Scripture: Luke 4.18
…recovery of sight for the blind…
So he replied to the messengers, “Go back and report to John what you have seen and heard: The blind receive sight, the lame walk, those who have leprosy are cleansed, the deaf hear, the dead are raised, and the good news is proclaimed to the poor.
Reflection: Sight for the Blind :: Epiphany
By John Tillman
Jesus often analogized his healing of people’s physical diseases to his mission of healing all of us of our spiritual disease of sin. In his sermon at Nazareth, the only specific healing mentioned is that of blindness but other diseases often serve as teaching moments in Christ’s ministry.
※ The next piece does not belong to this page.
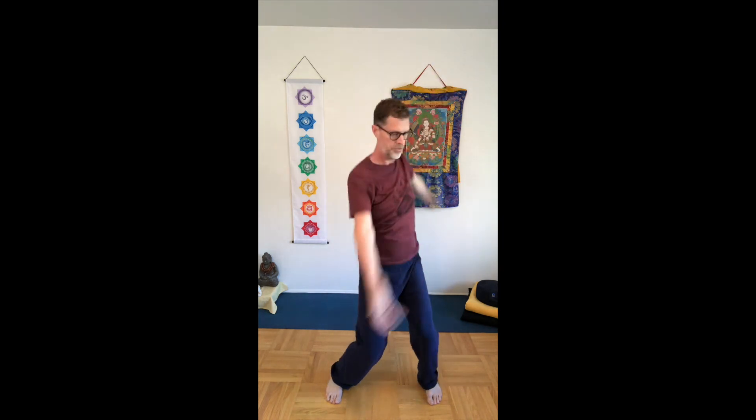Nice big movement — really pumps the chi. Three more: one, two, three. Let the arms float down, come to your sides. Take a nice deep breath and feel everything starting to open up. That's a great warm-up exercise to open up the shoulders, get the spine moving, and pump the legs. I hope that helps — have a great day, take care.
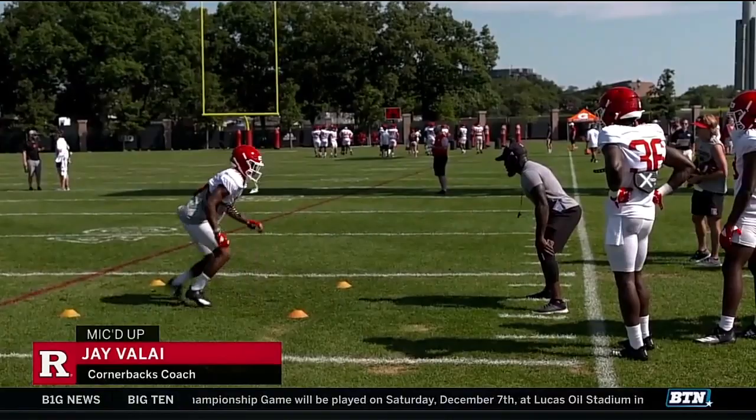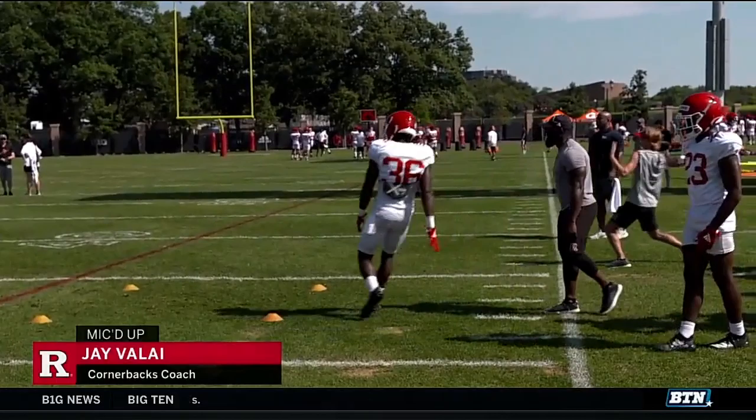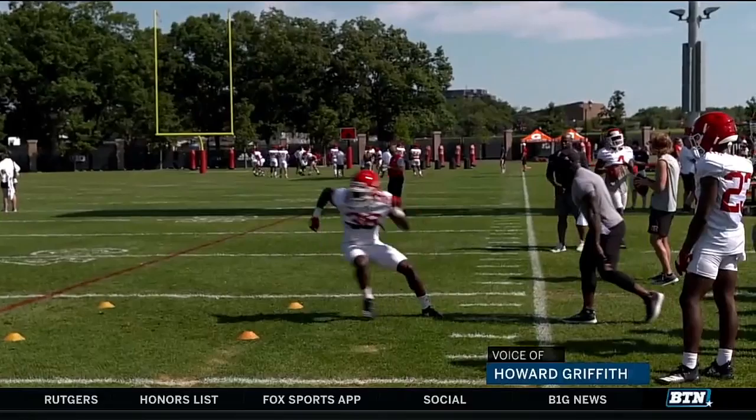Back pedal. Come on. Two. One. Run to it. One. Finish. Skate, skate, skate. Good. Eyes. Man them ball. He's getting to this — when he's saying 'man them ball,' that's why they're looking at the dummy, and then they find the quarterback and find the ball.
Healing is a marker of Jesus’ identity as the Christ. When the imprisoned John the Baptist doubts who Jesus is, he sends disciples to ask Jesus directly, “are you the one?” Jesus answers first with action—performing a large number of healings of many kinds. Then he tells John’s messengers to report what they saw and uses language that echoes his declaration at Nazareth. “The blind see…good news is preached to the poor…”
It is hard to appreciate the Epiphany of Christ—literally the manifestation or appearing—if you are blind. Before we can share in and become part of Christ’s Epiphany to the world, we must be healed of our blindness so that we can say with the blind man from John chapter nine, “I was blind but now I see!”
But too often we are like the Pharisees who investigated the healing of the blind man. The Pharisees are easy for us to dislike when we read about their opposition to Jesus in the New Testament, but modern Christians share much more in common with the Pharisees than with Christ’s disciples.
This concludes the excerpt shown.